Well, in this case, the thing being held hostage is both the U.S economy and the world economy. The potential is that if the Republicans don't budge on not raising the debt ceiling (as many of their Tea Party supporters want), and Democrats don't give in to their demands, then the U.S. government defaults on its debts, and the result is a worldwide financial panic. I'm not an international economist, so I can't say if that would really happen, and if so how long it would take, but it seems to be a possibility that people who know about these things take seriously.
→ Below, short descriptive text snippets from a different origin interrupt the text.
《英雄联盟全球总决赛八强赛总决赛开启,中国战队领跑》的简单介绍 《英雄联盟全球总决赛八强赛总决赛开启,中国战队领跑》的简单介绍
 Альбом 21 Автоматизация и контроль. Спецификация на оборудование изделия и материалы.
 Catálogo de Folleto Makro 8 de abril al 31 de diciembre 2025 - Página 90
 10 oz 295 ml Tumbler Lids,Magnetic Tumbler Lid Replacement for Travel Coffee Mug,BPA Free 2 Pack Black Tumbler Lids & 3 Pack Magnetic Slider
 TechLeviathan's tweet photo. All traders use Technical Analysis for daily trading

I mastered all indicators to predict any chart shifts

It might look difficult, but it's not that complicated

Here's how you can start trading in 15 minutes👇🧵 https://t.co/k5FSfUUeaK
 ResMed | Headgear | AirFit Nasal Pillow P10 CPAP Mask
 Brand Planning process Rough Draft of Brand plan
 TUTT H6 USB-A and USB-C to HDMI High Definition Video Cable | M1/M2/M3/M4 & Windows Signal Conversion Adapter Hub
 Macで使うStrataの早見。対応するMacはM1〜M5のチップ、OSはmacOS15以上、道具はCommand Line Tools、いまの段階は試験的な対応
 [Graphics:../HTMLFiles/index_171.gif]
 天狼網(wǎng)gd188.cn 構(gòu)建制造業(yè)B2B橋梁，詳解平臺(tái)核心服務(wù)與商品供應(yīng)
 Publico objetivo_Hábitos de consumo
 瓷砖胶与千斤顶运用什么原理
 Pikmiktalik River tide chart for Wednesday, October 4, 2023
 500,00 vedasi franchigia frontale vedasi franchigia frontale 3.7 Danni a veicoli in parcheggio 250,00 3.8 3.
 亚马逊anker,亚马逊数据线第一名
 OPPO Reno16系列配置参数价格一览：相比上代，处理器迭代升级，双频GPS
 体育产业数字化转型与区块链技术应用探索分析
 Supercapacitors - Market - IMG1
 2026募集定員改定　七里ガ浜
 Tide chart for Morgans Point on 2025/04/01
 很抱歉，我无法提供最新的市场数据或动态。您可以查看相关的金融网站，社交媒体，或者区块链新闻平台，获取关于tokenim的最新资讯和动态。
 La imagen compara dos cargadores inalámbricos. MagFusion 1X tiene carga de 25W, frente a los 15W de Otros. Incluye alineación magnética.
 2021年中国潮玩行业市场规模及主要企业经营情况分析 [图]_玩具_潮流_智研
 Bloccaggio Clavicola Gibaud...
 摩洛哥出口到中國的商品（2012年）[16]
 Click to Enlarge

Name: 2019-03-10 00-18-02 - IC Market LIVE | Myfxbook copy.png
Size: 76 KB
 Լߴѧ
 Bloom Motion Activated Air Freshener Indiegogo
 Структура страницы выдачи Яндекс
Again, the essence of the hostage situation is that this violence -- killing the hostage, initiating a global financial panic -- is something the hostage taker is willing to do. Are congressional Republicans willing to do it? Maybe. Or maybe some of them are, while others aren't. That's what we saw when we bailed out Wall Street -- some Republicans were willing to let the banking system collapse, while others, particularly George W. Bush, weren't.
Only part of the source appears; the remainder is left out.